ECLI:NL:CRVB:2019:754
Centrale Raad van Beroep
- Hoger beroep
- Rechtspraak.nl
Hoger beroep inzake maatwerkvoorziening huishoudelijke ondersteuning op grond van de Wmo 2015
In deze zaak gaat het om een hoger beroep van appellante tegen een besluit van het college van burgemeester en wethouders van Haarlem inzake een maatwerkvoorziening op grond van de Wet maatschappelijke ondersteuning 2015 (Wmo 2015). Appellante, geboren in 1925, heeft diverse aandoeningen en heeft op 4 juni 2016 een aanvraag ingediend voor huishoudelijke ondersteuning. Het college heeft op 4 juli 2016 een maatwerkvoorziening van 5 uur en 45 minuten per week verstrekt, maar appellante is van mening dat deze ondersteuning onvoldoende is. De rechtbank Noord-Holland heeft het beroep van appellante tegen het besluit van het college ongegrond verklaard, waarna appellante in hoger beroep is gegaan.

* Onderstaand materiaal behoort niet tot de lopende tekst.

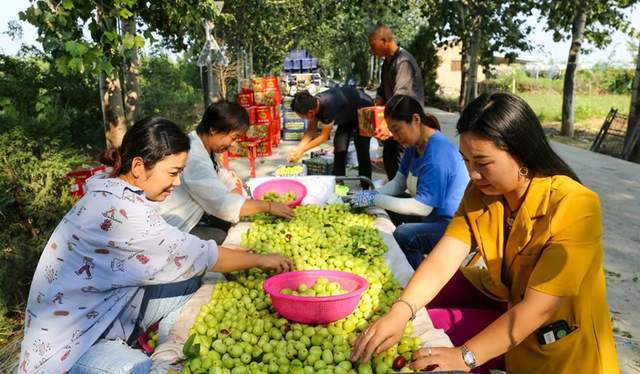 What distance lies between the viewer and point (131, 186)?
1.97m

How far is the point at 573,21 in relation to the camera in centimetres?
1280

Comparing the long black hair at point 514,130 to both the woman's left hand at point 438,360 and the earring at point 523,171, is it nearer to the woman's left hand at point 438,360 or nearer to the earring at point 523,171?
the earring at point 523,171

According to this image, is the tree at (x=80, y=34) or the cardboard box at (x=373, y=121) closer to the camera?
the tree at (x=80, y=34)

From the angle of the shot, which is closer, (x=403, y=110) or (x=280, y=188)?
(x=403, y=110)

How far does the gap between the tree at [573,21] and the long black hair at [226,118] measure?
10.8 metres

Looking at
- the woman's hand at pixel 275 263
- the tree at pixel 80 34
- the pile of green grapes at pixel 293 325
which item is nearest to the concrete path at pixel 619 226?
the pile of green grapes at pixel 293 325

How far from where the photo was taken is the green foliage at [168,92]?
563 inches

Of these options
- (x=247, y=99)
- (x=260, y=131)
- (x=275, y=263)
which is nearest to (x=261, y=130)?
(x=260, y=131)

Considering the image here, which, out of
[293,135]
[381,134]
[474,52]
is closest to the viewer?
[381,134]

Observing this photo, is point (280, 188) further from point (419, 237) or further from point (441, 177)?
point (441, 177)

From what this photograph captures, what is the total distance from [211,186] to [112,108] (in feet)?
11.6

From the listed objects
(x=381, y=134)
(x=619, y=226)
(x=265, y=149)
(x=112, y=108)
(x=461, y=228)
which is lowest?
(x=619, y=226)

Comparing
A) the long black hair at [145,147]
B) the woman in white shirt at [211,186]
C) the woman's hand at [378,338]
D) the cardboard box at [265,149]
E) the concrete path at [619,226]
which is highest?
the long black hair at [145,147]

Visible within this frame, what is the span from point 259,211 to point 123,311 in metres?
1.32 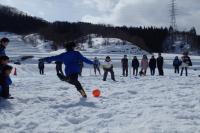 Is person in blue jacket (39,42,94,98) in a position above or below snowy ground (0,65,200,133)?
above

De Centrale Raad van Beroep heeft de feiten en omstandigheden van de zaak in overweging genomen. Het college heeft bij besluit van 22 juni 2018 de omvang van de maatwerkvoorziening gewijzigd vastgesteld, maar de Raad oordeelt dat het college bij de vaststelling van de benodigde tijd voor huishoudelijke ondersteuning terecht heeft aangesloten bij de normtijden van het CIZ-protocol. De Raad ziet geen aanleiding om te oordelen dat het onderzoek van het college incompleet was of dat de verstrekte maatwerkvoorziening niet voldoende is. De beroepsgrond van appellante dat er geen tijd is berekend voor het doen van boodschappen, wordt verworpen, omdat de dochter van appellante vaak deze taak op zich neemt. De Raad concludeert dat het beroep tegen het besluit van 22 juni 2018 ongegrond moet worden verklaard en dat het college in de proceskosten van appellante moet worden veroordeeld.
De uitspraak van de Centrale Raad van Beroep vernietigt de eerdere uitspraak van de rechtbank en verklaart het beroep tegen het besluit van 30 november 2016 gegrond, terwijl het beroep tegen het besluit van 22 juni 2018 ongegrond wordt verklaard. Het college wordt veroordeeld tot betaling van de proceskosten van appellante tot een bedrag van € 3.328,- en moet het griffierecht vergoeden.